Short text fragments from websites
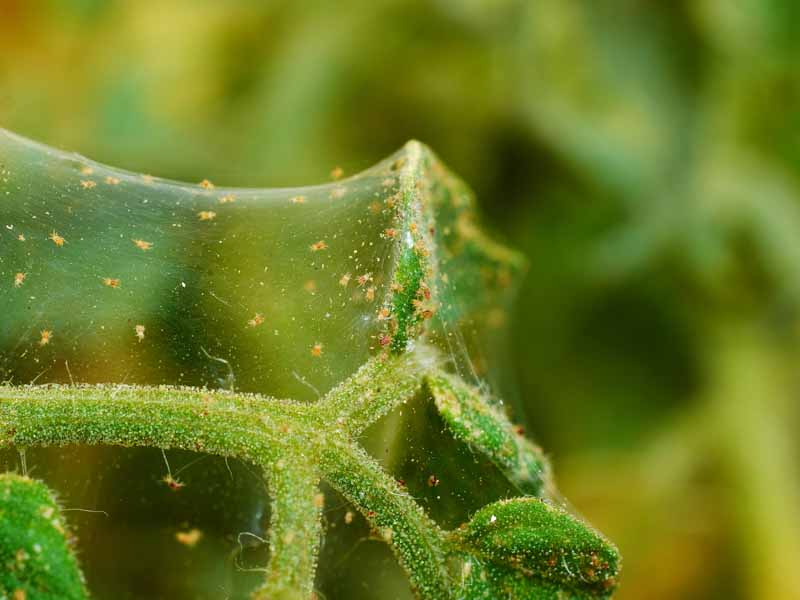 Un primer plano de una colonia de ácaros araña de dos puntos, Tetranychus urticae, en una rama verde, representada en un fondo de enfoque suave.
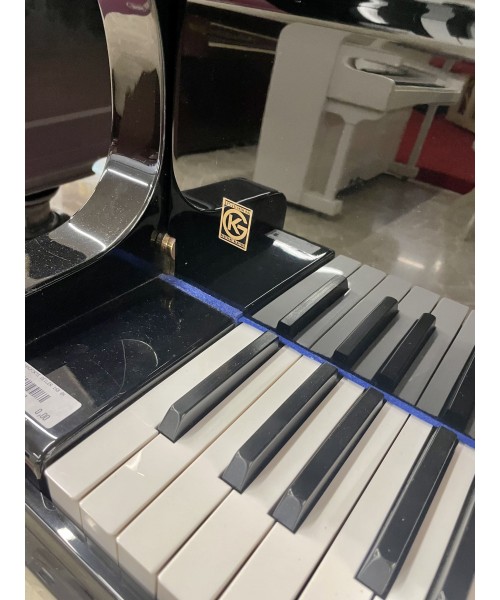 Half tail piano and. SEILER Glossy black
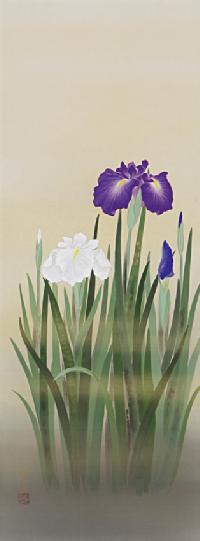 菖蒲 堀高泉 尺五立！ 夏 - 掛け軸（掛軸）販売通販なら掛け軸総本家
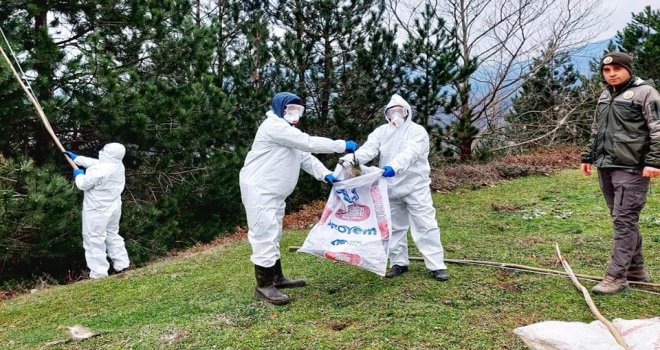 Mudurnu’da çam kese tırtıllarıyla mücadele başladı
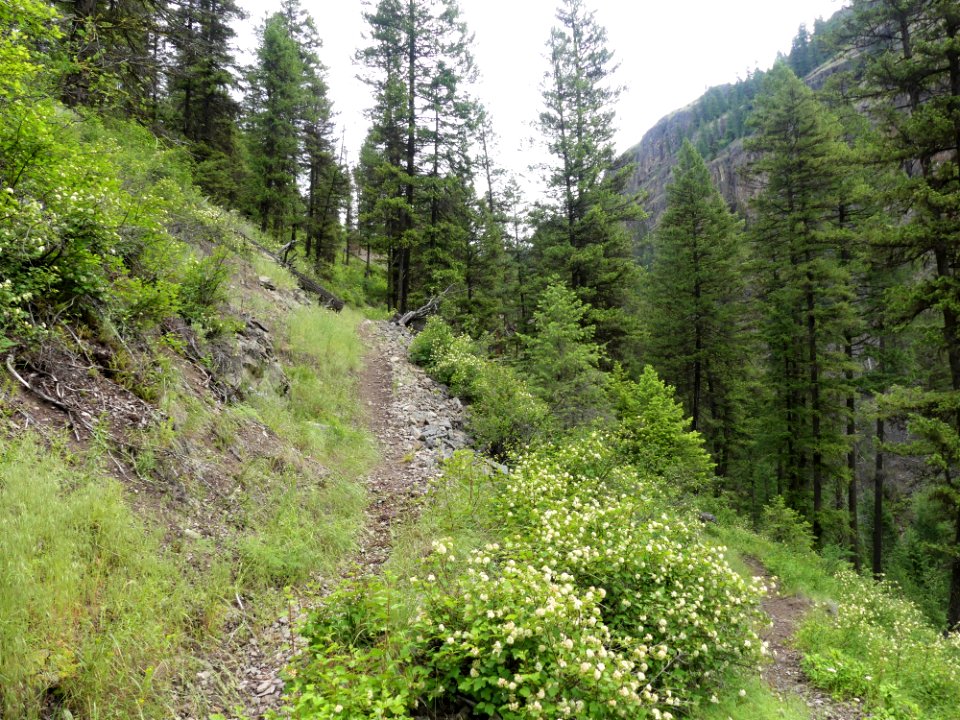 13 Mile Trail June 2020 trail treeline by Sharleen Puckett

> Work required
Give back every record above word for word; the pictures have no place in it.

> Task solution
 Un primer plano de una colonia de ácaros araña de dos puntos, Tetranychus urticae, en una rama verde, representada en un fondo de enfoque suave.
 Half tail piano and. SEILER Glossy black
 菖蒲 堀高泉 尺五立！ 夏 - 掛け軸（掛軸）販売通販なら掛け軸総本家
 Mudurnu’da çam kese tırtıllarıyla mücadele başladı
 13 Mile Trail June 2020 trail treeline by Sharleen Puckett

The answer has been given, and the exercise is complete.